Letzte Woche ist auch noch was lustiges passiert. Ich saß im Lehrerzimmer, als eine Lehrerin mit zwei rießigen Polstern von einem Sessel hereinkam. Sie legte diese beiden Polster in eine Ecke, platzierte sich in liegender Position gemütlich darauf, und schlief die nächsten drei Stunden.

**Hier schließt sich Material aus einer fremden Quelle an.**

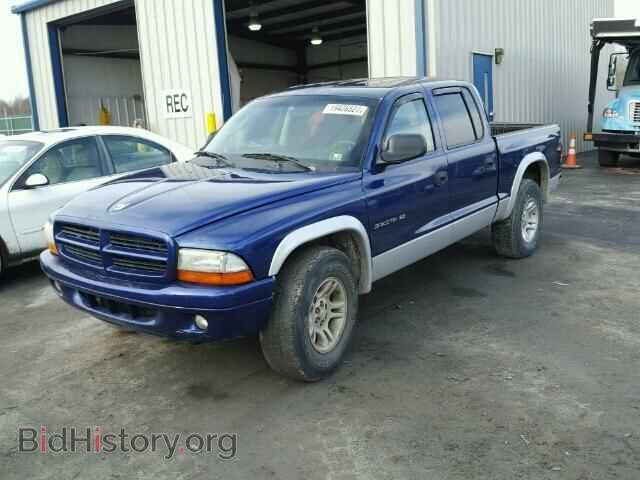 2001 DODGE DAKOTA - VIN: 1B7GG2AN71S143663 - Фото 2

Also dachte ich mir, wenn das niemanden stört, darf ich mir das sicher auch mal erlauben. Als ich mit meinen Stunden durch war, alle Hefte korrigiert hatte und den Unterricht für den nächsten Tag vorbereitet hatte und es gerade einmal 12 Uhr war und ich wusste, dass ich noch bis um 15 Uhr bleiben musste, plazierte ich meinen Kopf auf dem Tisch und hielt ein kleines Nickerchen. Als ich nach einem halben Stündchen wohl erholt wieder aufwachte und nach draußen ging, bestürmten mich die Lehrer regelrecht :D Sie haben mich schlafen gesehen, ob ich denn so müde sei und wann ich ins Bett bin usw. Bei der anderen Lehrerin hat das niemand gejuckt, bei mir hingegen fanden das alle unheimlich interessant und ich war (mal wieder) Gesprächsthema. Und dabei ich habe mich nichtmal hingelegt. Ich werde in Zukunft versuchen weitere Schläfchen zu vermeiden.

Im Children Centre läuft es auch immer besser! Einige Kinder freuen sich inzwischen total wenn ich kommen und halten mir ihre Hände hin zum abklatschen oder begrüßen mich fröhlich. Ich habe ein kleines Mädchen namens Lisa dort kennengelernt. So ein süßes und liebes Kind. Total vertrauensvoll kletterte sie auf meinen Schoß und redete mich auf Kiswahili voll. Ich hab mit ihr Hoppe Reiter gespielt und sie hat mir ein Suaheli Spiel gezeigt. Ich habe nicht ein Wort verstanden, aber soweit ich es beurteilen kann, hat sie irgendwelche Tiere meinen Arm hochlaufen lassen. Dabei ging es darum, dass sie eine Frage gestellt hat und ich eine vorgegebene Antwort sagen musste, die sie mir immer leise ins Ohr geflüstert hat. War irgendwie echt witzig. Als sie mein Handy gesehen hat, wollte sie unbedingt Fotos machen, dabei sind die hier folgenden entstanden.
Zum Abschied nahm sie meine Hand, lächelte mich an und drückte mir einen Kuss darauf. In solchen Momenten geht mir echt das Herz auf.


Lisa und ich :)



Das ist ein Bild von den Schulkindern, alle in Uniform.


























Das sind beides Bilder von Lehrerinnen. Das obere von meiner Nebensitzerin, die aus mir eine dicke Frau machen will und das untere von Rhoda, die hier meine hauptsächliche Ansprechpartnerin an der Schule ist.